> [Exercise materials]
◇ ◇ ◇ ◇
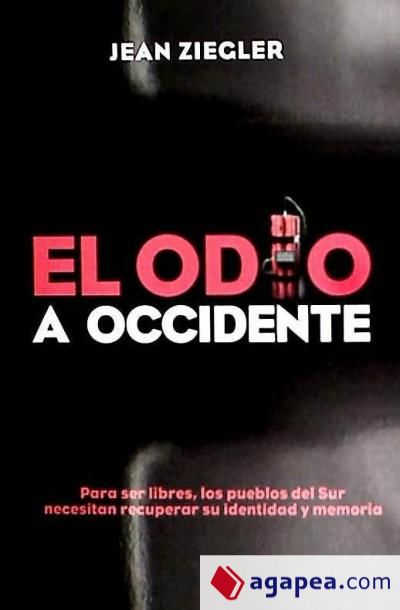 El odio a Occidente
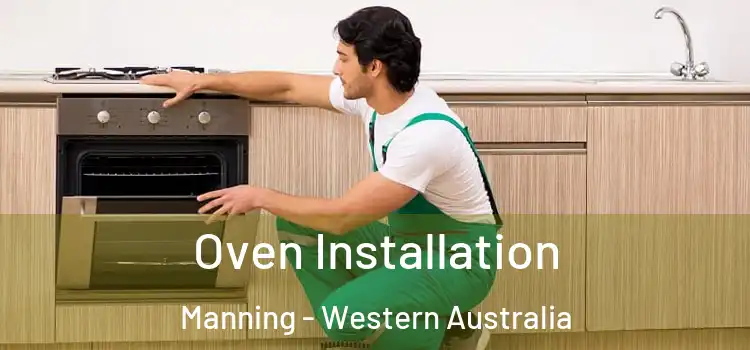 Oven Installation Manning - Western Australia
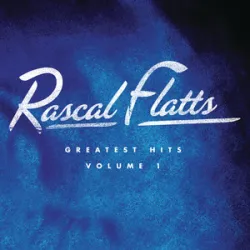 These Days - Rascal Flatts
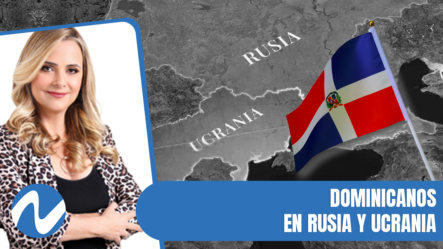 Dominicanos En Rusia Y Ucrania | Nuria Piera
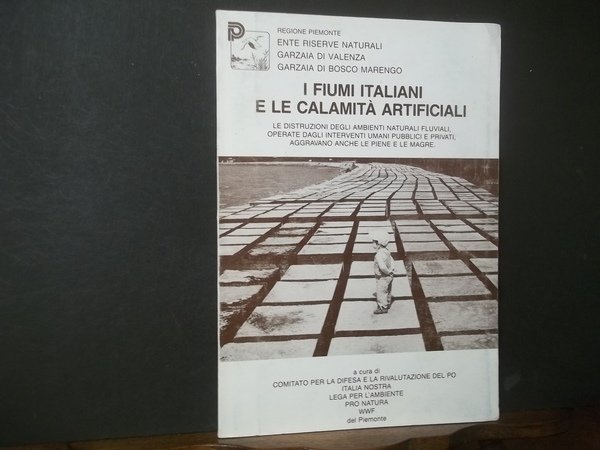I FIUMI ITALIANI E LE CALAMITà ARTIFICIALI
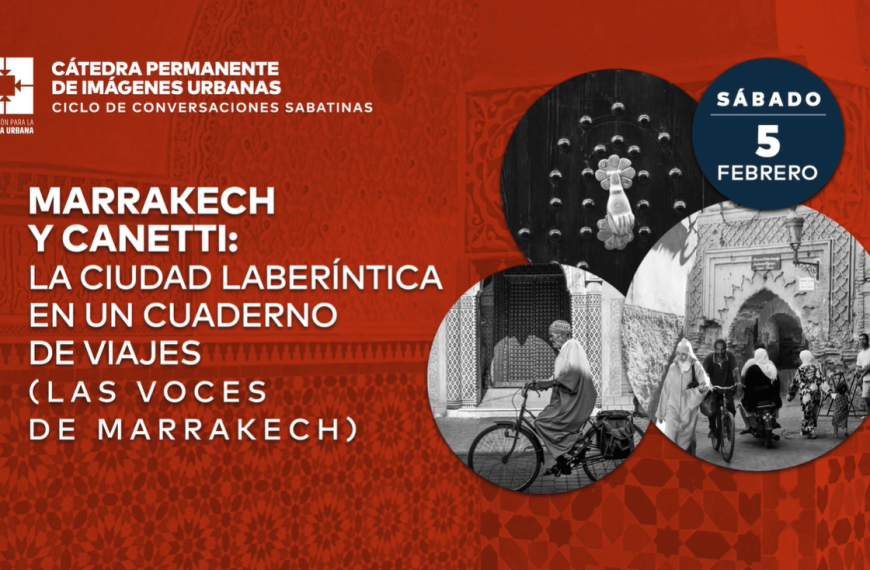 Marrakech y Canetti: la ciudadlaberíntica en un cuaderno de viajes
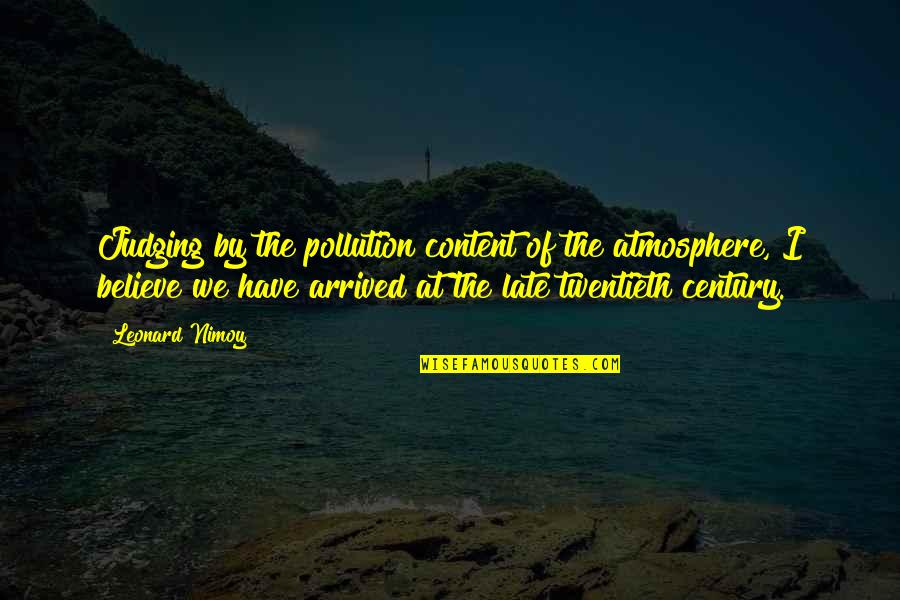 Apoio A Vitima Quotes By Leonard Nimoy: Judging by the pollution content of the atmosphere, Apoio A Vitima Quotes By Leonard Nimoy: Judging by the pollution content of the atmosphere,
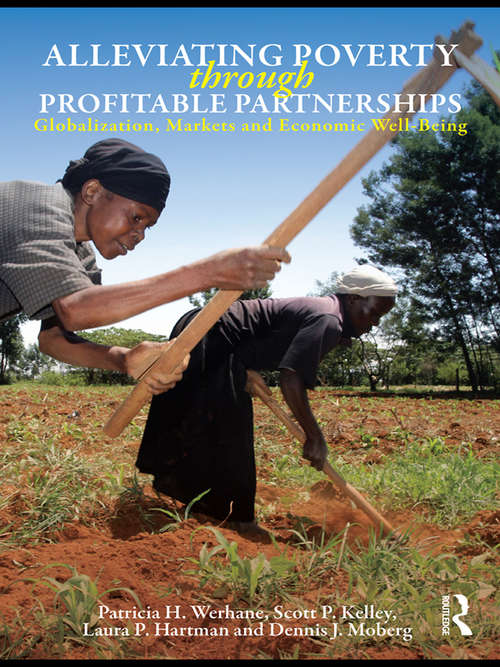 Alleviating Poverty Through Profitable Partnerships: Globalization, Markets, and Economic Well-Being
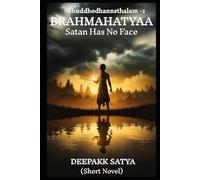 Brahmahatyaa: Satan Has No Face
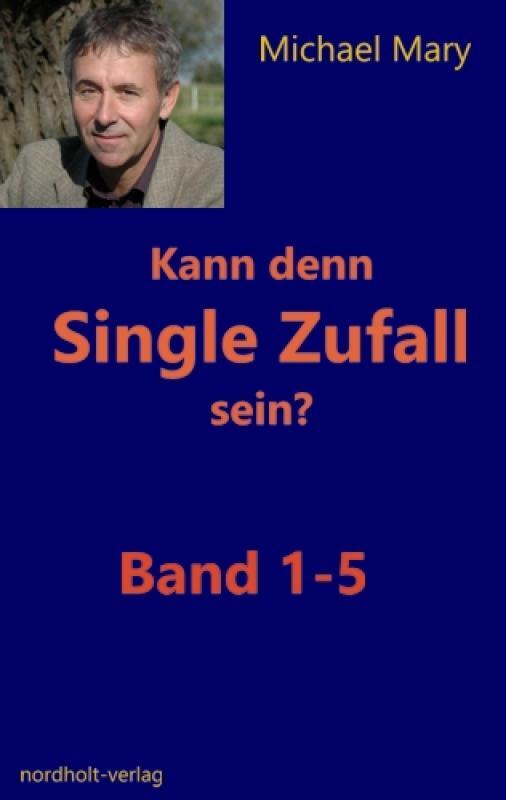 Buchtipp: Michael Mary, Kann denn Single Zufall sein? Nordholt-Verlag, 240 Seiten, 18 Euro.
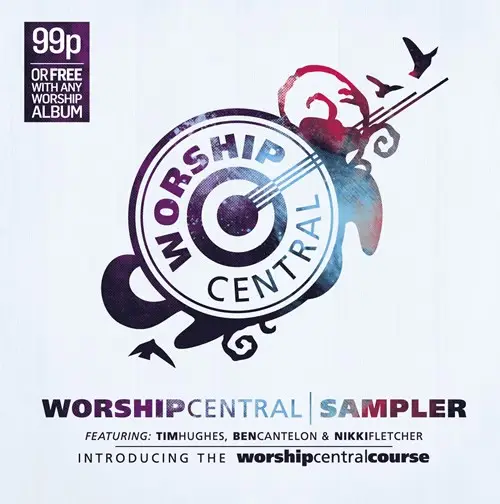 Worship central sampler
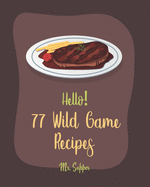 Hello! 77 Wild Game Recipes: Best Wild Game Cookbook Ever For Beginners [Wild Game Recipe, Venison Cookbook, Goose Cookbook, Rabbit Cookbook, Duck Recipe, Quail Cookbook, Best Steak Cookbook] [Book 1]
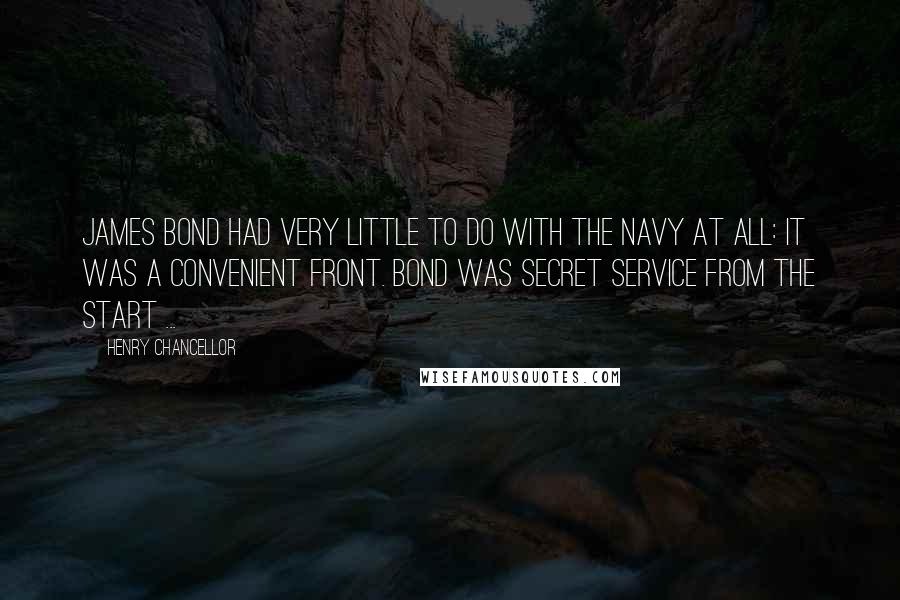 Henry Chancellor Quotes: James Bond had very little to do with the navy at all: it was a convenient front. Bond was secret service from the start ...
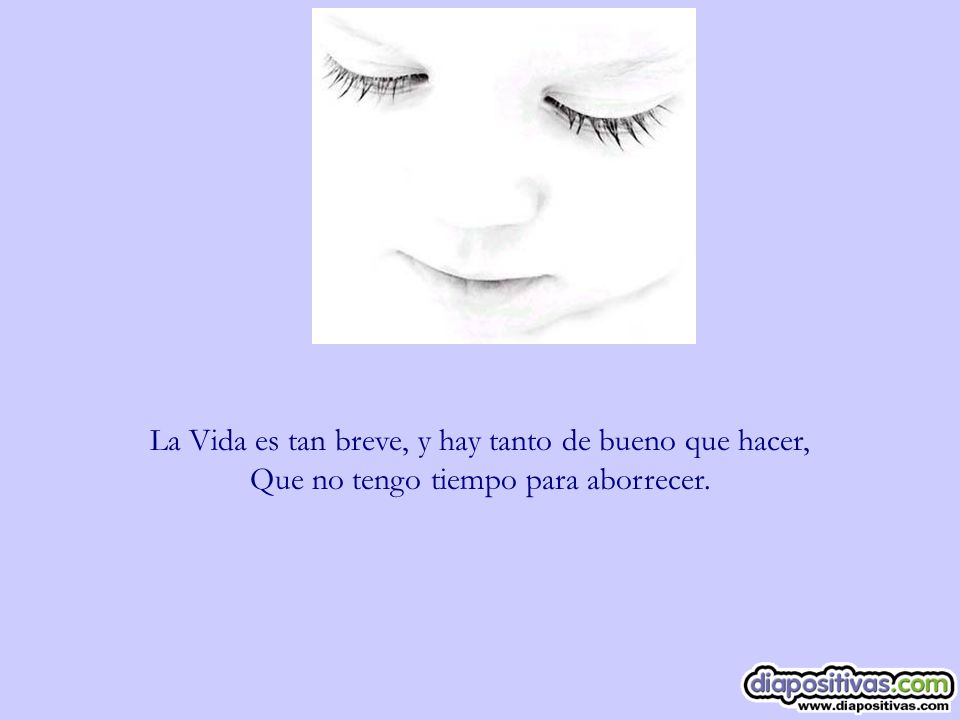 La Vida es tan breve, y hay tanto de bueno que hacer,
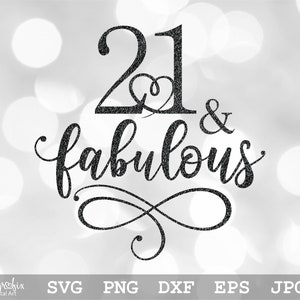 21 & fabelhaft SVG 21 Geburtstag SVG 21 Geburtstag Party SVG 21 Geburtstag Shirt SVG Sofortiger Download svg png eps dxf jpg -Dateien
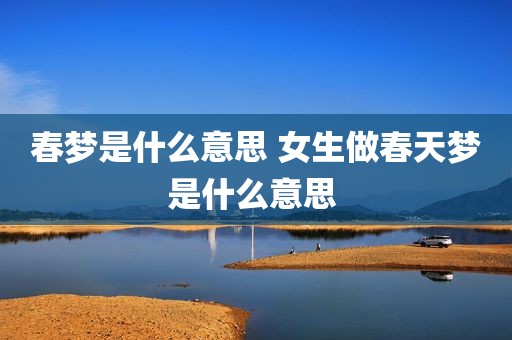 春梦是什么意思 女生做春天梦是什么意思 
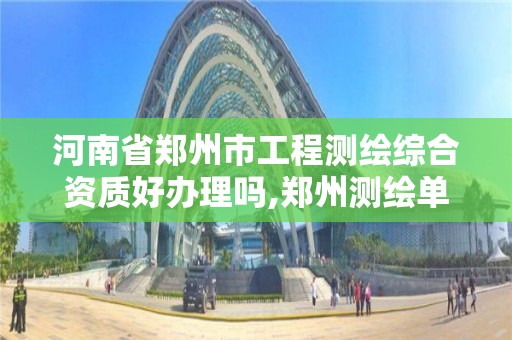 河南省鄭州市工程測繪綜合資質好辦理嗎,鄭州測繪單位有哪些。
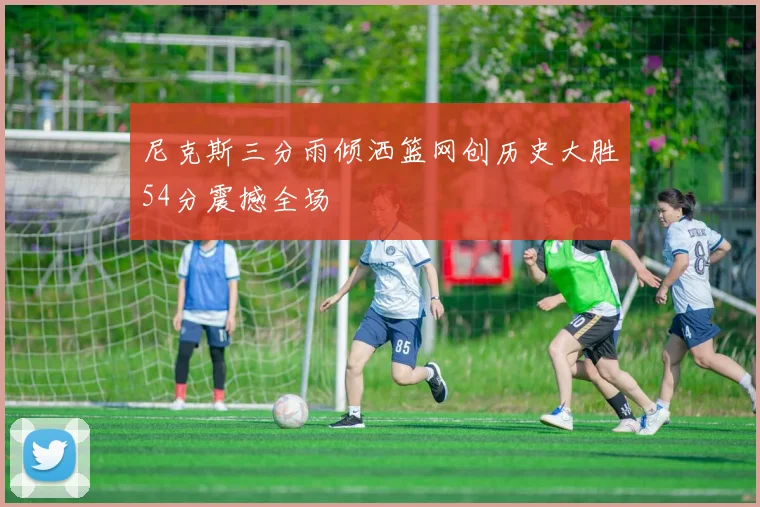 尼克斯三分雨倾洒篮网创历史大胜54分震撼全场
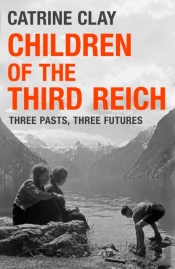 Children Of The Third Reich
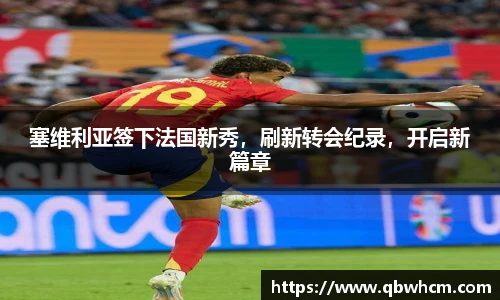 塞维利亚签下法国新秀，刷新转会纪录，开启新篇章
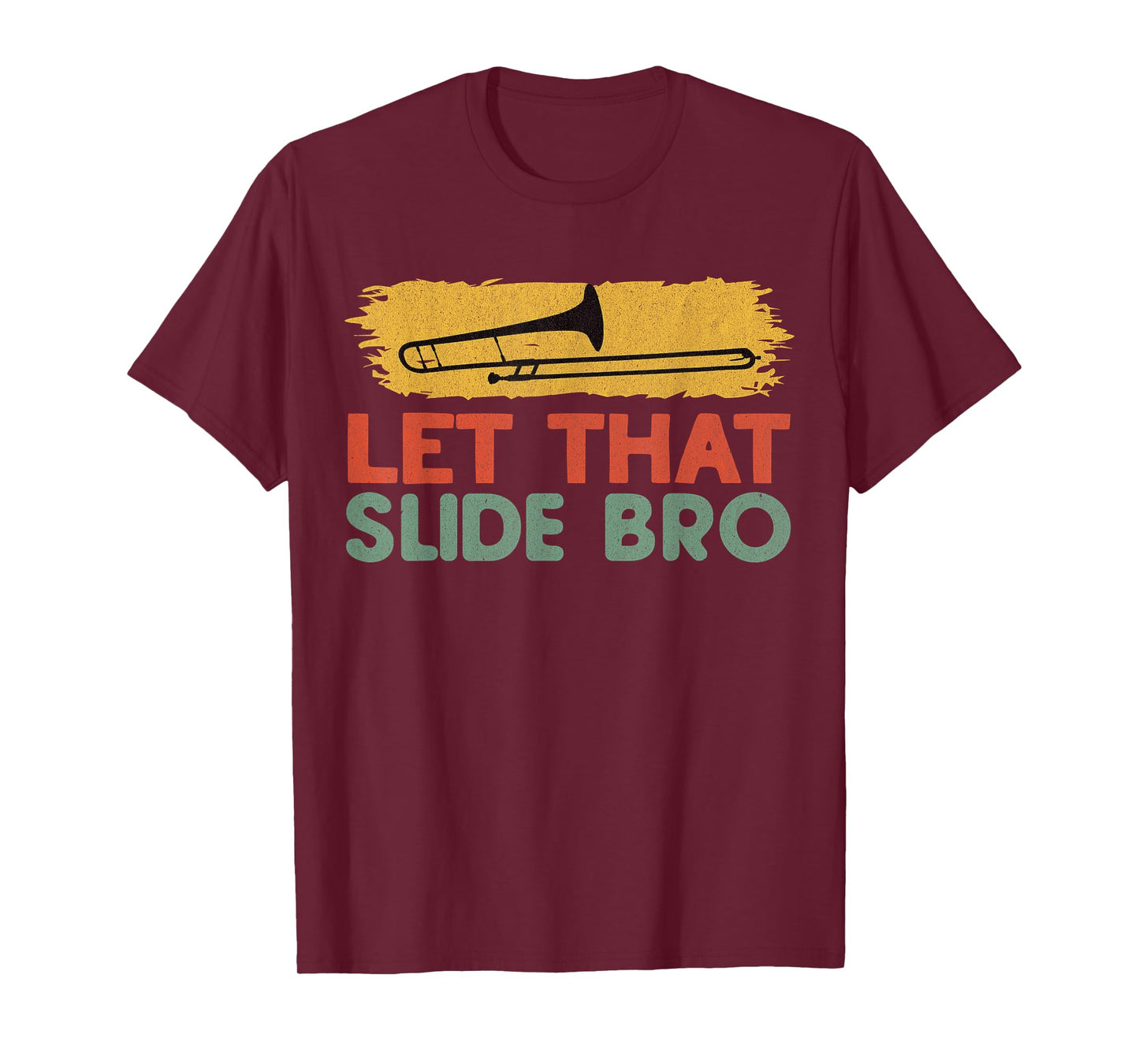 Let that Slide Bro, Concert/ Marching Band, Funny trombone T-Shirt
◇ ◇ ◇ ◇
> [Task requirements]
Images stay out, but the rest of the records must be retyped exactly.

> [Response to the task]
 El odio a Occidente
 Oven Installation Manning - Western Australia
 These Days - Rascal Flatts
 Dominicanos En Rusia Y Ucrania | Nuria Piera
I FIUMI ITALIANI E LE CALAMITà ARTIFICIALI
 Marrakech y Canetti: la ciudadlaberíntica en un cuaderno de viajes
 Apoio A Vitima Quotes By Leonard Nimoy: Judging by the pollution content of the atmosphere, Apoio A Vitima Quotes By Leonard Nimoy: Judging by the pollution content of the atmosphere,
 Alleviating Poverty Through Profitable Partnerships: Globalization, Markets, and Economic Well-Being
 Brahmahatyaa: Satan Has No Face
 Buchtipp: Michael Mary, Kann denn Single Zufall sein? Nordholt-Verlag, 240 Seiten, 18 Euro.
 Worship central sampler
 Hello! 77 Wild Game Recipes: Best Wild Game Cookbook Ever For Beginners [Wild Game Recipe, Venison Cookbook, Goose Cookbook, Rabbit Cookbook, Duck Recipe, Quail Cookbook, Best Steak Cookbook] [Book 1]
 Henry Chancellor Quotes: James Bond had very little to do with the navy at all: it was a convenient front. Bond was secret service from the start ...
 La Vida es tan breve, y hay tanto de bueno que hacer,
 21 & fabelhaft SVG 21 Geburtstag SVG 21 Geburtstag Party SVG 21 Geburtstag Shirt SVG Sofortiger Download svg png eps dxf jpg -Dateien
 春梦是什么意思 女生做春天梦是什么意思 
 河南省鄭州市工程測繪綜合資質好辦理嗎,鄭州測繪單位有哪些。
 尼克斯三分雨倾洒篮网创历史大胜54分震撼全场
 Children Of The Third Reich
 塞维利亚签下法国新秀，刷新转会纪录，开启新篇章
 Let that Slide Bro, Concert/ Marching Band, Funny trombone T-Shirt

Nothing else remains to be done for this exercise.